Monday morning started with waking from a dream that I was trying to fly. I would run and try to leap into the air but couldn't fly more than a few yards. Then someone in my dream said I needed to focus on my destination before trying to fly. It made perfect sense and it worked in my dream.
I woke to the resident roosters calling to each other and met Alicia at her home. Our excursion was to take us to Umauma Falls and the World Botanical Gardens outside of Hilo. First, we picked up salads and malasadas (hot filled donuts) for our picnic lunch at the Tex Drive-In, then we headed south. We stopped at the head of the road to Waipi'o, one of the sacred sites and home to sustainable agriculture farms growing the traditional crops of the ancestors: taro, breadfruit, sugar, coconut.

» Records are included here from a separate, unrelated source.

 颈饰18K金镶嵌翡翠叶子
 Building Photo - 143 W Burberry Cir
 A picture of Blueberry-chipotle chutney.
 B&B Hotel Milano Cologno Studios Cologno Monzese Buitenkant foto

The World Botanical Gardens were created over a former sugar cane field and contain many varieties of flowers, shrubs, and trees. The focal point of the Garden is Umauma Falls, a three-tiered waterfall on the Umauma River. About 3000 species are in the Gardens, viewable along a drive through the garden and on trails. Our picnic was on one such trail in the shade of tulip trees, breadfruit, and others I could not identify.
Our excursions took us through Hilo then over the Saddle Road that runs between Mauna Kea and Mauna Loa. Mauna Kea is the location of several astronomical observatories and I had hoped that I would be able to tour one of them while I was there, but that was not in the cards this time. But the drive over the road was reward enough for we went from lush tropical rainforest into temperate forest into nearly barren lava fields. The plant life change was stark and endlessly fascinating, reminding me of the years after Mount St Helens had its eruption in 1980.
The evening was devoted toward attending hula class. Alicia is taking hula and was able to obtain permission for my being able to observe the class. The halau (hula school) is in a former military building near the beach and Kumu is the instructor, a woman in her 60s barely standing 5 feet tall with hair past her hips. I took a seat near a window to stay cool for the room we were in was quite warm. Students filed in and took their places, becoming silent as the classroom filled. At last all were there and there was only silence. Then Kumu began the class, starting with an opening chant, practice with the chant, then warmups. At last the dance practice began and Kumu was watchful and gently persistent, making sure that her students understood without singling out those making mistakes. I started working on some socks I had brought with me, but after a certain point I put them away. The dance was too fascinating and I felt that the work was in some ways violating the sacred space. The knitting itself fascinated a couple of the younger children who were on the side while their mom was practicing. The socks had a cable in them, so they were curious about the cable needle, the knitting needles, and the sock (no socks in Hawaii!!).
After class was finished, I went and paid my respects to Kumu, for it felt like I had been given a gift I will never forget. The class gave me a feeling of the community that the locals have here as well as their ancient culture. It is something that is missing in our world on the mainland. We don't have centuries of culture; only a mixture that is diluted by our desires. What traditions we practice are merely shadows of the traditions we had, changing with each generation as we grow older. So I went to my sleep feeling I had been given a precious gift that no luau at a resort could ever provide and the song of Kumu murmuring in my ears.